Data for this task START
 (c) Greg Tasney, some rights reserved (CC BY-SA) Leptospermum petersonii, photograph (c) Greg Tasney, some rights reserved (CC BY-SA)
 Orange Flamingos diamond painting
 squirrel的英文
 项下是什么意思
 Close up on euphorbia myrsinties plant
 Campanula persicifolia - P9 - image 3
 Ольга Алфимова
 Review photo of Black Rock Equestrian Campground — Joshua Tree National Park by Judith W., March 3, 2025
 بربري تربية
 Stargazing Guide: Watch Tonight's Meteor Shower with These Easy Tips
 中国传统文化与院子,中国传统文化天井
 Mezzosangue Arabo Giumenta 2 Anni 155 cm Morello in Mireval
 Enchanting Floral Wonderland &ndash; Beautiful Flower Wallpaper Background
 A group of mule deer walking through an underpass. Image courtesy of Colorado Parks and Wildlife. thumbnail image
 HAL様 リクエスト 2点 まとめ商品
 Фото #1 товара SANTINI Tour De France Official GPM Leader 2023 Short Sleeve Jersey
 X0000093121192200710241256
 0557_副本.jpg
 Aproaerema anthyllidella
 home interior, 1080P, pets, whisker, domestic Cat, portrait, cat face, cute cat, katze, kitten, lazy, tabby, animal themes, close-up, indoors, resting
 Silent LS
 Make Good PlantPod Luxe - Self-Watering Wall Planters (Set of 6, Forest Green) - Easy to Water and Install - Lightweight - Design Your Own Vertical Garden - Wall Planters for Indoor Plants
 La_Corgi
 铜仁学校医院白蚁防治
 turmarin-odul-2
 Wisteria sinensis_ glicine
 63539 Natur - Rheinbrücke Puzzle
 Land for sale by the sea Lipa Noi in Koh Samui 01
Data for this task END
*Activity*
Write out again, exactly, the line containing "0557_副本.jpg" and every later line of the records. Omit the rest.

*Exercise output*
 0557_副本.jpg
 Aproaerema anthyllidella
 home interior, 1080P, pets, whisker, domestic Cat, portrait, cat face, cute cat, katze, kitten, lazy, tabby, animal themes, close-up, indoors, resting
 Silent LS
 Make Good PlantPod Luxe - Self-Watering Wall Planters (Set of 6, Forest Green) - Easy to Water and Install - Lightweight - Design Your Own Vertical Garden - Wall Planters for Indoor Plants
 La_Corgi
 铜仁学校医院白蚁防治
 turmarin-odul-2
 Wisteria sinensis_ glicine
 63539 Natur - Rheinbrücke Puzzle
 Land for sale by the sea Lipa Noi in Koh Samui 01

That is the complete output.